The device consists of a heavy steel platform onto which an ATV can be driven. Via rolling road-type rollers, the back wheel of the quad can then be used to drive the rollers, which in turn screw wheel clamps in or out of position.
Fully adaptable for any width of bike and wheel size, the clamps grip the wheels and lock them in place, being further secured by two key operated bolts which slot into the platform base. In their raised position the platform’s ramps are also lockable.
Variable quad lengths are also catered for by a moveable bar at the front of the device, fitted with tamper proof bolts – though any forward movement is prevented by the grip of the wheel clamps, with the only exit being backwards. Exit is only possible by unlocking the four locks and using the quads’ rear wheels to power out the clamps.
The weight of the platform with a quad bike on-board makes any physical removal virtually impossible, says Mr Davies. “The only maintenance requirement is the occasional greasing of the two screws.”

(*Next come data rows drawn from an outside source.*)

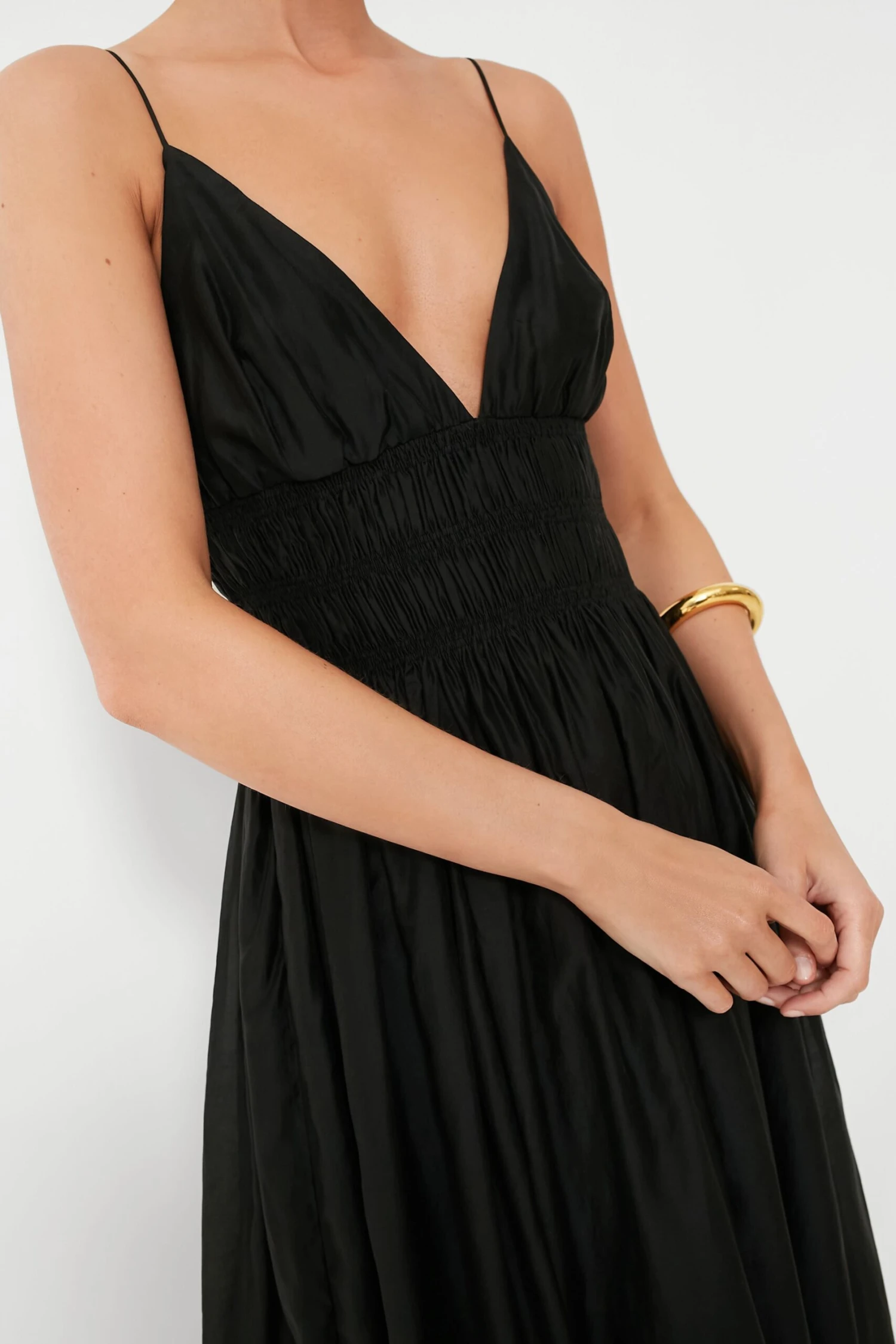 Black Sleeveless V-Neck Maxi Dress - Image 5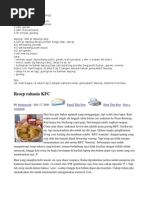 Download resep KFC by funkerja SN16709809 doc pdf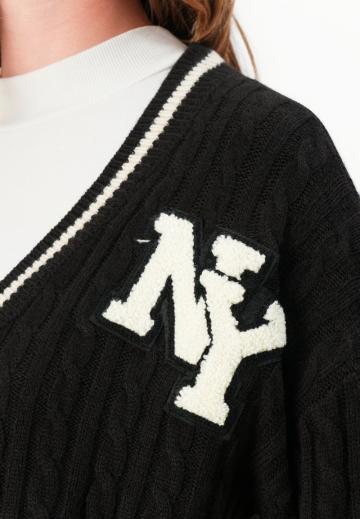 Жаккардовая вязаная кофта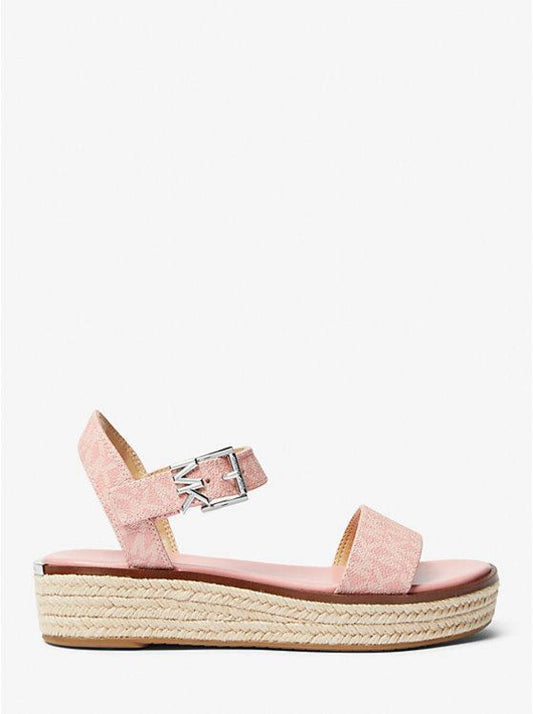 Richie Logo Platform Espadrille Sandal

For more information on the Quad Vice call 01685 379777 or e-mail firstname.lastname@example.org
One of the first customers of the Quad Vice is South Wales Valleys sheep farmer, Dilwyn John, who has lost no fewer than five quads in recent years.
None have gone missing since he bought one of only half a dozen of the devices which have so far been manufactured with a price tag of £1,500 plus VAT, though this could be reduced if produced in quantity, says the manufacturer.
“Personally I regard the outlay as value for money considering that although the insurance will pay out on the insured amount, that does not cover what is usually a £100 excess charge and then there is the cost balance of purchasing a new replacement bike. That could be several thousand pounds, not to mention the inconvenience of being without one,” says Mr John.
“The build quality is such that I see it as a lifetime investment that will hopefully put an end to my quad thefts.
“Chains and locked barn doors have proved to be no deterrents in the past and in many instances bikes have gone missing from outside the farmhouse during meal breaks, when for convenience they have not been chained up.”
Away from his workshop and the third generation to farm the 47ha (116 acres) upland holding, Mr Davies keeps 250 outdoor lambing South Wales Mountain type ewes alongside pedigree Welsh Black and rare Whitebred Shorthorn cattle.
While keeping some of both breeds pure, a Whitebred Shorthorn bull is also being used on the Blacks to produce Blue Grey calves of the type more commonly found in the North of England.
Heifer calves are finding a ready market locally, with the steers obtaining Morrisons premium prices.